### DATASET CONTENT
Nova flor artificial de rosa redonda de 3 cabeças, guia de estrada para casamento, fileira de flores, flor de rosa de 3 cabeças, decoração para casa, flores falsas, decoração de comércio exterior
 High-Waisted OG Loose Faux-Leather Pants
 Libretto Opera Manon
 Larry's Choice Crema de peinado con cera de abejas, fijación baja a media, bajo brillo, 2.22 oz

### PROBLEM DETAILS
Set the listing above down once more in full, exactly as it is.

### EXERCISE RESULT
Nova flor artificial de rosa redonda de 3 cabeças, guia de estrada para casamento, fileira de flores, flor de rosa de 3 cabeças, decoração para casa, flores falsas, decoração de comércio exterior
 High-Waisted OG Loose Faux-Leather Pants
 Libretto Opera Manon
 Larry's Choice Crema de peinado con cera de abejas, fijación baja a media, bajo brillo, 2.22 oz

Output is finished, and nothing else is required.